On Sun, 3 Jun 2001, James Thomason wrote:

> 
> 
> If I am not mistaken, the true "benefit" to 95% billing is that it allows
> the provider to charge for bits they never delivered.  The average will
> skew on a burst of traffic (>5% of the average) and you pay for it as if
> you had averaged that level the entire time. 

James:
  I think the others have made the point regarding the above
comment. However, let me explain my view of this a bit differently.
  As pointed out, the providers have to build to provide a certain quality
of service during peak hours. It's the behavior of their network at those
peak hours that determines what they need to build/buy and therefore their
costs, which then determines what they need to charge their customers.

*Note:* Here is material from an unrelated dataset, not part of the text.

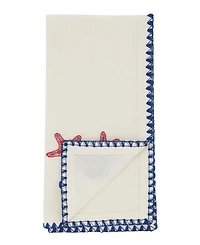 Saro Lifestyle Coastal Motif Cotton Decorative Napkins, Set of 4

  Personally, I think the 95% billing is a rational simplification of a
more complex problem. If you accept that peak loading occurs for something
around 3-4 hours/day (sounds about right) and that 95% billing ignores the
top 1.2 hours of usage each day, it's kind of like drawing a line
horizontally roughly midway up the usage curve during the few hours of
peak usage. In a way, it's what others have refered to as "average
peak" usage.
  If you don't assume that a customer's usage is a smooth curve, but
rather has some random variability during the few hours around peak
loading time, and you assume that you have enough customers with similar
somewhat random variations that those variations average out over the bulk
of all customers to be a somewhat smooth loading, then you can only come
to one conclusion. You can rationally evaluate, provision and bill for,
that "average peak" usage of your network and have some level of
confidence that you're being fair not only to yourself, but also your
customer.
  As I see it, the only way to be even more fair, would be to truely
average a customer's peak usage using some kind of "rolling average"
calculation, then take the peak of that rolling average. That would
possibly be more fair to customers who have wierd peak usage curves which
could skew the 95% value to the point where it is NOT a reasonable
estimation of the customer's average peak usage.